Guerra in Ucraina

Il Sultano mediatore ora andrà all'incasso. Patti e doppi giochi sulle armi e l'energia

Dallo sblocco del grano Erdogan otterrà prezzi di favore. Siria, Libia, Ucraina: da terzo incomodo nei conflitti ha tratto vantaggi. Ricattando Nato e Ue

Il Sultano mediatore ora andrà all'incasso. Patti e doppi giochi sulle armi e l'energia

Fra i due litiganti il terzo gode. Il primo a saperlo è il presidente turco Recep Tayyp Erdogan grande mediatore dell'accordo sul grano firmato da Nazioni Unite, Russia e Ucraina. Il mediatore in questo caso ha molto da guadagnare. La Turchia è, con l'Egitto, il principale acquirente di quel grano russo che fino al 2020 guidava le classifiche mondiali delle esportazioni con il 18% del venduto rispetto al 6% di quello ucraino. Insomma grazie a un un'intesa che mette fine alle sanzioni sui porti russi il grano di Mosca tornerà a circolare in quantità maggiore di quello di Kiev. Ed Erdogan otterrà, grazie al suo ruolo, prezzi di favore.

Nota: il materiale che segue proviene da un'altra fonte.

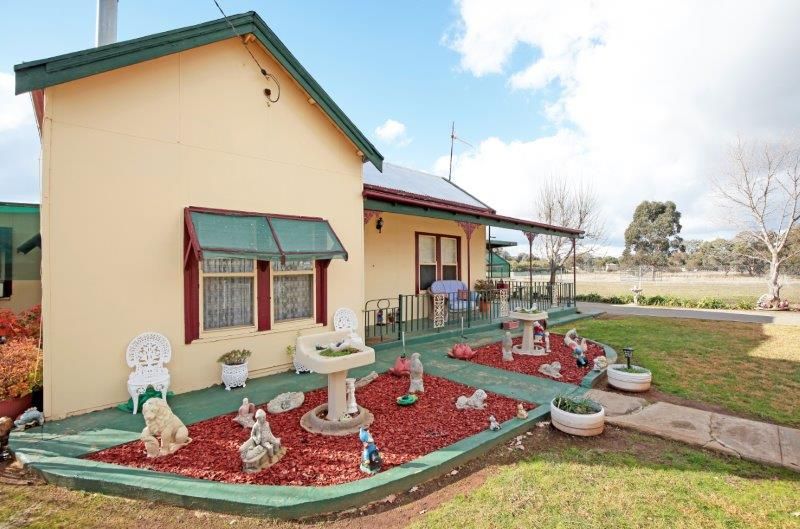 32 Broad St, Old Junee NSW 2652, Image 1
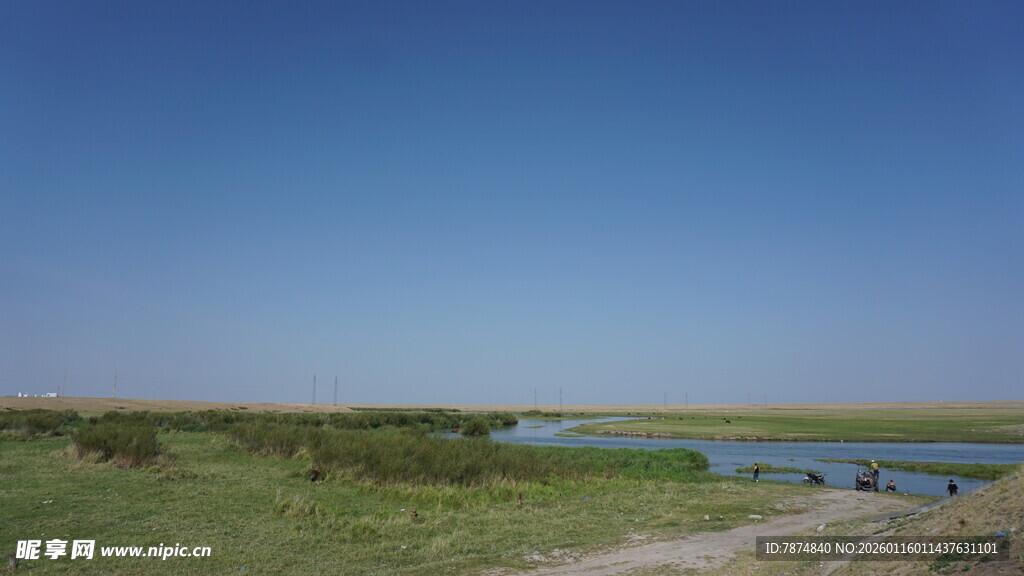 草原河畔风光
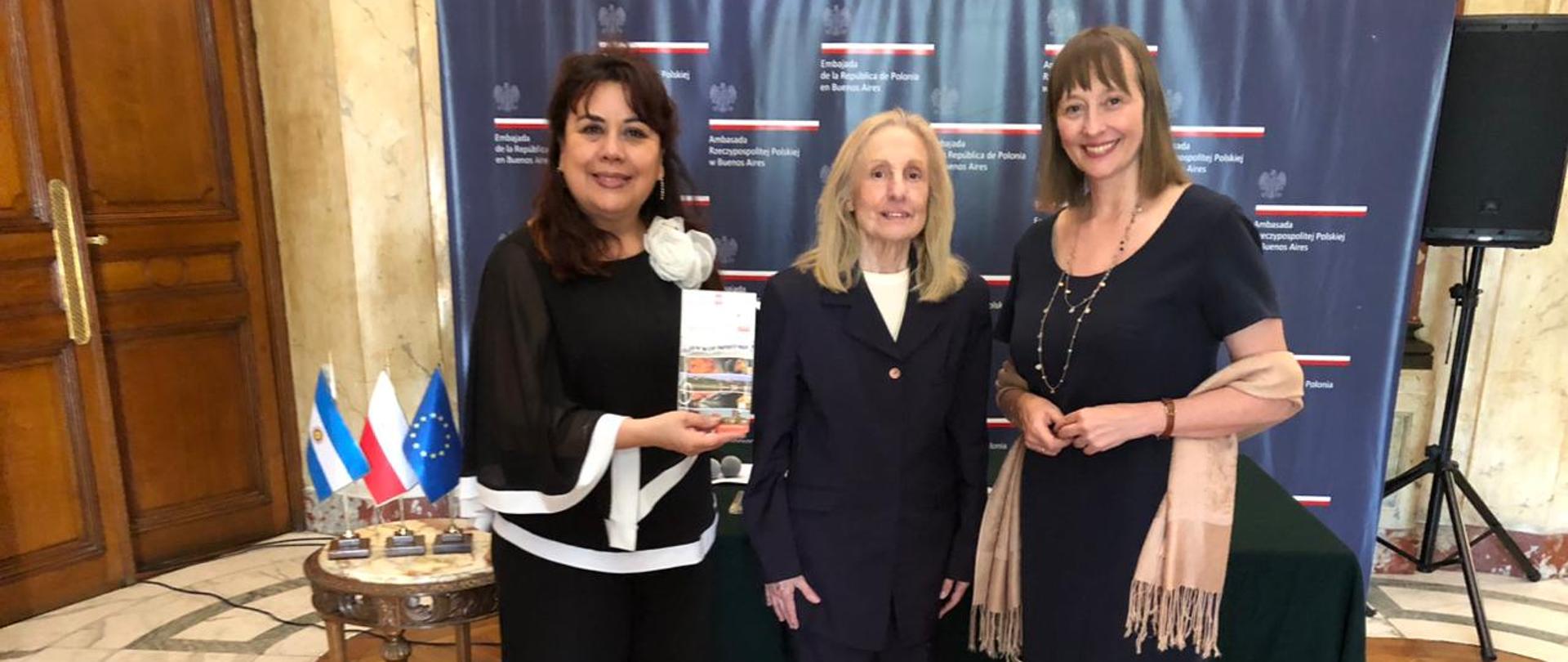 En la foto de la rueda de prensa dedicada a la nueva edición del festival, (de izquierda a derecha) Graciela Almada, periodista de Radio Clásica, Marta Noguera, pianista, responsable de la Fundación Chopiniana y Aleksandra Piątkowska, la Embajadora de la República de Polonia en Argentina.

Del resto nessuno come il Sultano ha perfezionato il ruolo di terzo indispensabile incomodo in tutti i principali conflitti degli ultimi anni. In Siria, Libia e Nagorno Karabakh si è dimostrato un impareggiabile campione d'ambiguità capace sia di colpire al fianco gli alleati, sia di stringere fruttuose intese con i nemici. In Siria armava i terroristi dell'Isis mentre recriminava l'aiuto della Nato e negoziava con Vladimir Putin. In Nagorno Karabakh ha approfittato della crisi tra Mosca e Erevan per schierarsi con Baku e regalargli il controllo dell'enclave armena in cambio del petrolio e dei milioni di dollari ottenuti per le forniture di missili e droni. In Libia non ha esitato a scendere in campo al fianco di Tripoli assediata dal generale Haftar e dai contractor russi di Wagner. Ma i primi a farne le spese, come già successo in Somalia, siamo stati noi italiani messi alla porta dalla nostra ex-colonia nonostante il ruolo di formali alleati di Tripoli e della stessa Ankara. Il tutto sotto gli occhi di un'Europa costretta, nel 2016, a versargli un assegno da sei miliardi pur di metter fine al ricatto dei migranti.

Ma il conflitto tra Ucraina e Russia è senza dubbio l'inferno in cui il diavolo di Ankara offre il meglio e il peggio di se. L'accordo sul grano tra Onu, Kiev e Mosca ne è solo l'ultima prova. Ancor prima che il conflitto iniziasse Erdogan era riuscito a metter in cassa milioni di dollari vendendo ad un Ucraina priva di aviazione i droni Bayraktar TB2 «made in Turkey» protagonisti dei conflitti di Libia e Nagorno Karabakh. Un giochino attuato nella consapevolezza che nell'ottica di Vladimir Putin i danni provocati sul piano militare da quei droni, protagonisti tra l'altro dell' affondamento dell'incrociatore Moskva, sarebbero stati meno rilevanti di quelli procurati alla Nato da Erdogan attraverso il suo ruolo di alleato infedele. Un ruolo giocato alla perfezione non appena si è aperta la partita sull'entrata di Finlandia e Svezia nell'alleanza.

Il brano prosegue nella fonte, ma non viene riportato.